8 Tips on How to Break Sugar Addiction
Getting over any type of addiction is hard, and sugar addiction is no different. While it may not be a piece of cake, you can break free from the cycle and stop pondering, “Am I addicted to sugar?” Here are 8 tips to help you break sugar addiction for good.
- Prepare for sugar withdrawal symptoms – Withdrawal from sugar can lead to several mental and physical challenges. Mood changes due to a lack of dopamine and anxiety and nervousness due to drops in blood glucose levels could occur. You may also have trouble concentrating, sleep issues, and physical discomfort.
- Be realistic – Cutting sugar all at once is not likely to happen. Instead, try and focus on decreasing your sugar consumption week by week. This is much more achievable and realistic.
- Look for hidden sugars – Get comfortable with all the various names for sugar and start reading the ingredient labels on food before you purchase it. When possible choose real, whole foods rather than processed foods.
- Avoid artificial sweeteners – there are plenty of natural sweeteners, for example, maple syrup, raw honey, coconut sugar, dates/ date paste.
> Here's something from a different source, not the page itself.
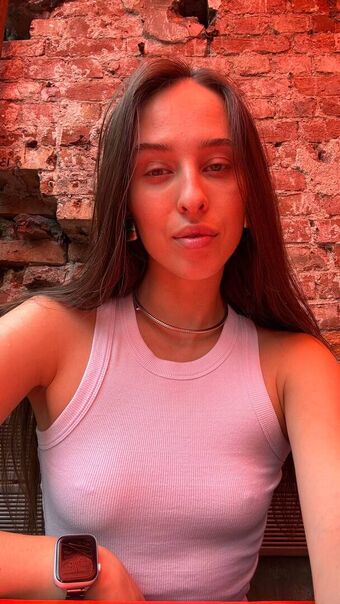 alinasollo Meztelen Kiszivárgások OnlyFans Fotó 15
Keep in mind that these sweeteners, though natural, are only a crutch to help you resolve your sugar cravings altogether. You can certainly add them back into your diet once you have broken your sugar addiction, but until then it’s best to avoid them.
- Eat more fiber, protein, and healthy fats – When looking to detox from sugar, consume a balanced diet with plenty of fiber from fruits and vegetables, proteins from different sources like meat, fish, and eggs, and healthy fats like fish, avocado and olive oil.
- Stay hydrated – swap sugary drinks for fruit-infused filtered water.
- Get good sleep – a good night of sleep will help to keep your sugar cravings under control. Sleep deprivation can disrupt your circadian rhythm and the signaling of the satiety hormone leptin and increase the hunger hormone ghrelin, causing you to eat more.
- Exercise regularly – exercising regularly can help you deal with withdrawal symptoms, by replacing the dopamine high that you get from sugar with the dopamine high you get from exercise.